Writer’s Anxiety

Today, I’ve had three thoughts about my writing: (1) it’s great; (2) it’s okay; and (3) WHAT THE HELL WAS I THINKING TRYING TO BECOME A WRITER.

These vacillating thoughts have meandered throughout the day. One minute, I’ll be convinced that I’ve written a legendary novel that will one day be remembered fondly like it’s To Kill a Mockingbird. The next, I’ll be convinced that I’ve written something akin to a dumpster fire. Then, when I’m lucky, I’ll be convinced that I’ve written something average that’ll be appreciated by a select group of readers with a preference for realistic fiction.

So what are these vacillating thoughts? Are they just the side effect of being a writer? Of feeling anxious about my writing?

In other words, do I have something called writer’s anxiety?

Writer’s anxiety is a byproduct of the glacial pace of publishing, and I think it’s best described by the following example:

Let’s say you’re reading a book for a nice, relaxing distraction from your writing. So you’re telling yourself, “I’ll just read this book and not think about my own writing. Okay? I’ll just sit here and enjoy someone’s else creation, appreciate the hard work this author put into this book. Okay?” But then, about ten pages into that book, let’s say you find yourself involuntarily skimming over the words on the page—not really reading.

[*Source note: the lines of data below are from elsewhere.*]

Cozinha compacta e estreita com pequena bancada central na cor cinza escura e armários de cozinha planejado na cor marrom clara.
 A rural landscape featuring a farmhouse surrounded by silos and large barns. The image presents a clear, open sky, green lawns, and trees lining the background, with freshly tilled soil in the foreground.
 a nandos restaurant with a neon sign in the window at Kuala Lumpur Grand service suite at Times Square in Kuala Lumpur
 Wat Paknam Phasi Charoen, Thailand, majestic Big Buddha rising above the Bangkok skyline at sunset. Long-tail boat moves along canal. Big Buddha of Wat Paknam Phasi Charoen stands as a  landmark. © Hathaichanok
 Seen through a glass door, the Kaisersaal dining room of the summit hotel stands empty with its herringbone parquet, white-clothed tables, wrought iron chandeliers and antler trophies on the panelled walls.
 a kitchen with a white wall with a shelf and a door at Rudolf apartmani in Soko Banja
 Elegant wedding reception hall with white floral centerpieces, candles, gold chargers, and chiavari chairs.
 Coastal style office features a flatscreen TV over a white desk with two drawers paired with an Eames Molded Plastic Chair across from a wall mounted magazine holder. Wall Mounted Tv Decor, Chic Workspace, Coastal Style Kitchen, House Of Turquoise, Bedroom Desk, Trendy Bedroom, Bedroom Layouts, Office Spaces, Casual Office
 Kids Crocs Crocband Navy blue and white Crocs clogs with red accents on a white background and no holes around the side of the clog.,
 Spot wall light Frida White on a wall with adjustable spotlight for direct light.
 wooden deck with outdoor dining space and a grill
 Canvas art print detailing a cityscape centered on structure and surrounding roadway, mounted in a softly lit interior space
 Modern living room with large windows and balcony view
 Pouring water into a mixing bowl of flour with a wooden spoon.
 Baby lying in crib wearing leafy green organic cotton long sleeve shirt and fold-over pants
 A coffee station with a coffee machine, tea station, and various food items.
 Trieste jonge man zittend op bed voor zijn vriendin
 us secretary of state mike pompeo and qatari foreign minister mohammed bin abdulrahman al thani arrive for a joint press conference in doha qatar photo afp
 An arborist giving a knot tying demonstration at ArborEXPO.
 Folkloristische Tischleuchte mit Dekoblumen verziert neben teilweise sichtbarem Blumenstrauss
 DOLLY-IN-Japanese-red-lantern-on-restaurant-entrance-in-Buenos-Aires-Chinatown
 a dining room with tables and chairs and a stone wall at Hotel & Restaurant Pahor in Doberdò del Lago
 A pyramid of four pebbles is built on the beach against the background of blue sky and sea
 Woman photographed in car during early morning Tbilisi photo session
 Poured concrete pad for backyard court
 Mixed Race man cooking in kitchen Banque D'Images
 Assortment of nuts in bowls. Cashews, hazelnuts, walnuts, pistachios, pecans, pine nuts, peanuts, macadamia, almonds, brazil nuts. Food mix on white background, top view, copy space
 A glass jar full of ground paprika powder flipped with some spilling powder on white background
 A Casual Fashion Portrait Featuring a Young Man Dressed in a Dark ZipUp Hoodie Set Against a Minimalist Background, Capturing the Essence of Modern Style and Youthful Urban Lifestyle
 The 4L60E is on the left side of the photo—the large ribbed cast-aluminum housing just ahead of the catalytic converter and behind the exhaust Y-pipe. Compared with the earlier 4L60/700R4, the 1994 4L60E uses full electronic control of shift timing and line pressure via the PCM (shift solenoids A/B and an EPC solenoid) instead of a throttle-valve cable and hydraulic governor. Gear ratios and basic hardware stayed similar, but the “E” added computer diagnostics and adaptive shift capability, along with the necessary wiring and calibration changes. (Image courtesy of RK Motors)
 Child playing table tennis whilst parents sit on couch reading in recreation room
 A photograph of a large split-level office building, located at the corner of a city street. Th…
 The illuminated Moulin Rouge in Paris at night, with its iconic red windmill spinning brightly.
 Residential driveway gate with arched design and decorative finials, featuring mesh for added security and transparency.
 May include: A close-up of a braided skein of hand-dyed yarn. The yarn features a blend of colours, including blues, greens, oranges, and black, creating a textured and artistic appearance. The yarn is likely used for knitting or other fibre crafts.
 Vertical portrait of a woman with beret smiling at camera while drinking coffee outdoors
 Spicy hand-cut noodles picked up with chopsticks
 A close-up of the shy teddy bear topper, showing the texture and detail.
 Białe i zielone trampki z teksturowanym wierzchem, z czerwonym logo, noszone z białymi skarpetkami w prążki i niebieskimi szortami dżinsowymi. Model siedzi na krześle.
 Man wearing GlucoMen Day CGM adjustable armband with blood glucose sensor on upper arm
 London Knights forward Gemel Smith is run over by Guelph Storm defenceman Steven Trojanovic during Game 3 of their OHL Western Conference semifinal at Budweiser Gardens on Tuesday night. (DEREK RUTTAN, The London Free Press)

Instead, your mind is elsewhere. Your mind is engaged in a psychological tug of war. A tug of war where you meticulously comb through your own writing with both a hypercritical eye and a friendly eye. One minute, you’re legitimately convincing yourself that you’ve written a legendary novel that will one day be remembered fondly like it’s To Kill a Mockingbird. The next, you’re legitimately convincing yourself that you’ve written something akin to a dumpster fire. Then, whenever you’re lucky enough, you’re legitimately convincing yourself that you’ve written something average that’ll be appreciated by a select group of readers with a preference for realistic fiction.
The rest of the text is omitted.